Shrimp farms in Ecuador will have better productivity with a new investment by IFC helping replace diesel with electricity for farm operations while addressing the environmental risks in shrimp production. The aim is to help improve the sector’s sustainability, supporting the nation’s climate targets.

The IFC is a member of the World Bank Group and is the largest global development institution focused on the private sector in emerging markets. The agency works in more than 100 countries and uses its capital and expertise to create markets and opportunities in developing countries.

IFC’s loan of up to $45 million to Industrial Pesquera Santa Priscila SA, the leading shrimp exporter in Ecuador, will help the company expand its number of farms and improve their automation and productivity.

The shrimp sector is of vital importance to Ecuador’s economy, accounting for approximately 20 percent of the nation’s exports and 5 percent of gross domestic product (GDP). However, the sector faces a range of challenges related to low productivity and reliance on fossil fuels that deter the industry’s overall sustainability.

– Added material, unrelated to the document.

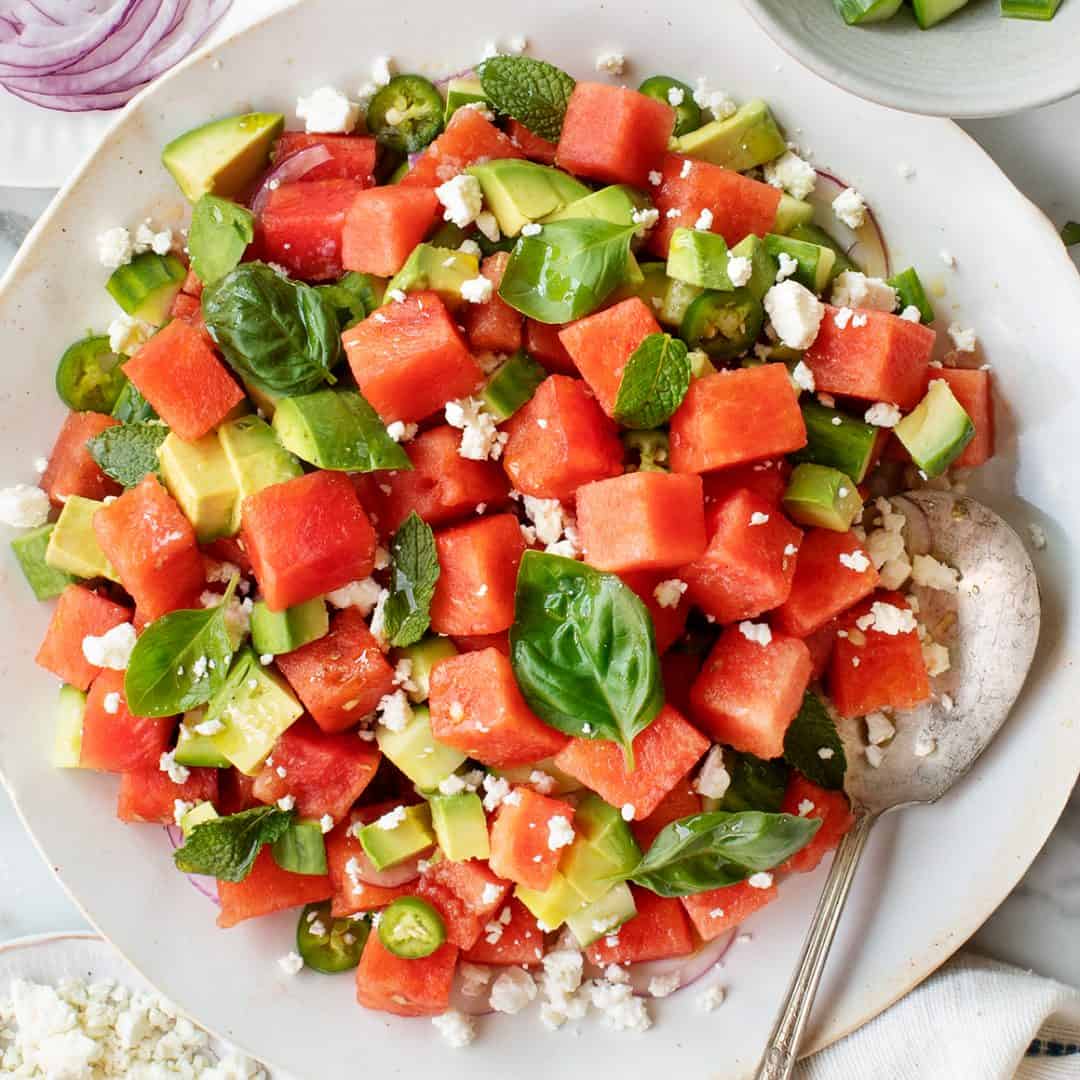 Watermelon salad with feta, avocado, and fresh herbs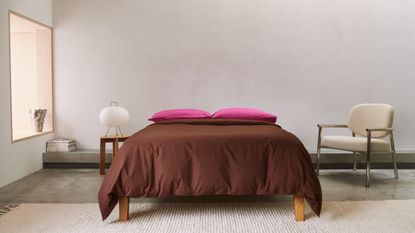 bedroom with window seat, concrete floors, beige rug, beige and silver armchair, side table with paper lantern, stack of magazines, bed made with brown and fuschia pink bedding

Raúl Estrada, corporate advisor of Santa Priscila, said, “IFC’s long-term financing, not readily available for agribusinesses—especially for investments in electrification of farms—will help grow our operations. With IFC’s support, we expect to increase productivity levels by more than 20 percent in terms of pounds of shrimp per hectare. IFC’s expertise will also help raise our operating standards in terms of environmental and social practices (E&S), corporate governance and insurance, boosting our sustainability to meet the dynamic market demand.”

IFC’s funds will only be invested in farms that are adapted to replicate Aquaculture Stewardship Council (ASC) or Best Aquaculture Practices (BAP) certification standards, promoting good practices with sustainability benefits. Around 42 percent of the financing will contribute to climate mitigation, avoiding emissions of approximately 2,000 tons of CO₂ equivalent annually.

Alfonso García Mora, VP of Europe, Latin America and the Caribbean for IFC, said, “addressing climate change and supporting long-term growth is a key priority for IFC in Latin America and the Caribbean. IFC’s investment will support one of the leading shrimp producers in Ecuador to expand, adopt more sustainable farming practices and upgrade its farm infrastructure. This will promote competition and productivity growth in this important export-oriented sector, catalysing the greening of the shrimp sector to tackle future shocks.”